ADHS und Drogenkonsum

“Diese Kinder sind hyperaktiver, impulsiver und neigen dazu, schneller von einem Gedanken zum nächsten zu springen, daher neigen sie zu Substanzen, die ihre Gedanken verlangsamen.”

Child Mind Institute

Um die Hyperaktivität und Impulsivität, die diese Kinder kennzeichnet, zu kompensieren, kommen sie oft mit Substanzen wie Marihuana, Alkohol oder Nikotin in Kontakt. Zu den Wirkungen von Marihuana gehören leichte Beruhigung und Euphorie.

Wie bereits erwähnt, ist der Substanzkonsum für Betroffene attraktiv, weil sie damit ihre Aufmerksamkeit kurzfristig steigern und verbessern können. Außerdem wurden zusätzliche Risikofaktoren für einen übermäßigen Drogenkonsum festgestellt.

  • Bei Kindern mit ADHS ist es wahrscheinlicher, dass sie gleichzeitig an einer anderen Störung leiden, z. B. an Angststörungen, depressiven Störungen oder oppositionellem Trotzverhalten.
  • Kinder mit ADHS haben oft Schwierigkeiten in der Schule oder Anpassungsprobleme und können andere Kinder “anziehen” (sowohl mit als auch ohne ADHS), die diese Schwierigkeiten teilen.

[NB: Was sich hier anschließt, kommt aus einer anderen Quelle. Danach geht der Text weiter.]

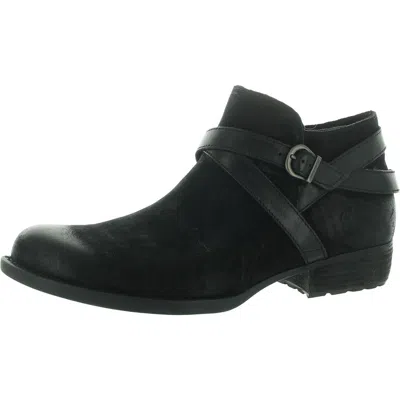 Born Womens Zipper Man Made Booties In Black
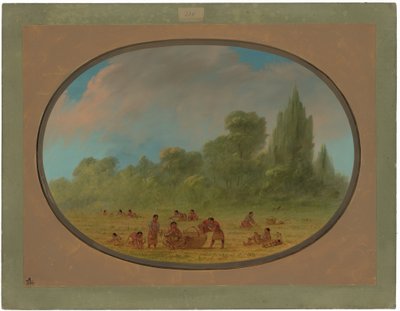 Caddoe Indians Gathering Wild Strawberries by George Catlin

Sie neigen dazu, sich mit anderen Kindern zusammenzutun, die riskantes Verhalten und Drogenkonsum an den Tag legen, was zu Experimenten mit Substanzen führen kann.

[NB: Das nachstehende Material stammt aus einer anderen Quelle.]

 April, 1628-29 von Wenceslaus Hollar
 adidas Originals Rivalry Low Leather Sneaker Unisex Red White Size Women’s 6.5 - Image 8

“Wenn man Kindern eine Substanz gibt, die sie beruhigt, fühlen sie sich gut. Der Versuch, produktivere Verhaltensweisen zur Bewältigung von ADHS an den Tag zu legen, wie z.B. zu meditieren, nach draußen zu gehen oder spazieren zu gehen, wird viel schwieriger, weil eine Substanz eine schnelle Lösung bietet.”

Jeannette Friedman

Mann mit ADHS ist für Drogenkonsum gefährdet
Zur Vorbeugung wird empfohlen, mit Kindern und Jugendlichen mit ADHS über Drogen und ihre Auswirkungen zu sprechen.

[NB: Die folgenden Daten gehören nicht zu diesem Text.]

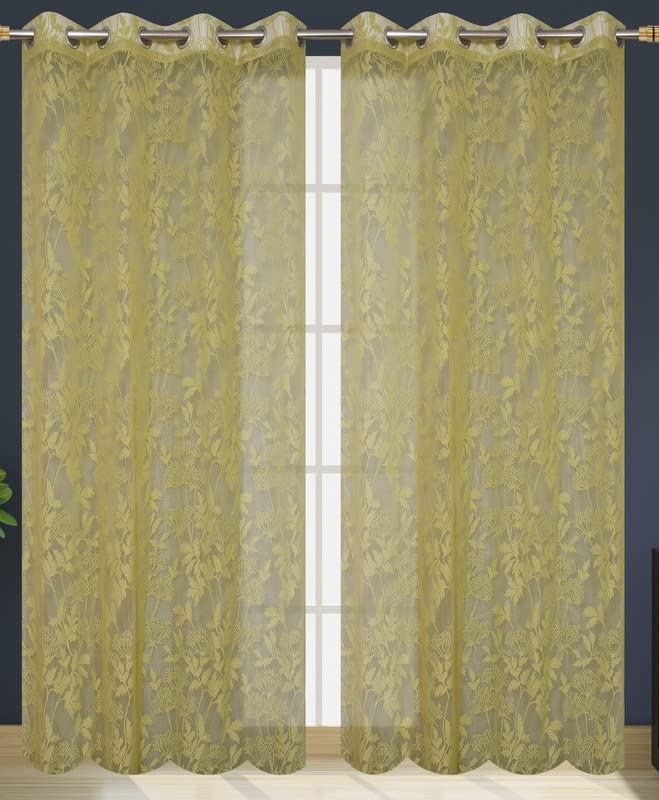 See full amazon price history chart for FABREEVA Heavy Polyester Glittering Tissue Net Lily Floral Semi Transparent New Sheer Sheer Door Eyelet Curtain Panel Parda for Drawing/Living/Bed Room (Green, 7 Feet) - Pack of 2 FABREEVA Heavy Polyester Glittering Tissue Net Lily Floral Semi Transparent New Sheer Sheer Door Eyelet Curtain Panel Parda for Drawing/Living/Bed Room (Green, 7 Feet) - Pack of 2 (B0BZSN91MK) Amazon Price History, Amazon Price Tracker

ADHS und Drogenkonsum: Was tun?

Kinder mit ADHS benötigen fachärztliche Betreuung und Aufmerksamkeit. Das Child Mind Institute schlägt eine Reihe von einfachen Ratschlägen vor, die hilfreich sein können:

  • Sprich mit deinem Kind über Drogenkonsum. Erkläre, dass es durch ADHS im Vergleich zu Gleichaltrigen ohne ADHS anfälliger für Drogenkonsum ist. Nimm eine unvoreingenommene Haltung ein.
  • Mache nicht zu viele Zugeständnisse. Das Kind oder der Jugendliche muss lernen, mit Herausforderungen umzugehen und sie zu bewältigen. Ist dies nicht der Fall, ist das Risiko für Drogenkonsum höher.
  • Bleibe positiv in der Kommunikation: Es ist wichtig, Schwierigkeiten zu erkennen, aber einfach nur immer wieder darauf hinzuweisen, wird sie nicht verschwinden lassen. Vergiss nicht, auch kleine Fortschritte anzuerkennen und realistische Ziele zu verfolgen.

“Stell die Möbel nicht um. Zeig ihm, wie er um sie herumgehen kann.”

Friedman

Die Autoren der Studie raten den Familien nicht nur, fachärztliche Hilfe in Anspruch zu nehmen, sondern auch auf eine positive Beziehung zu dem betroffenen Kind hinzuarbeiten.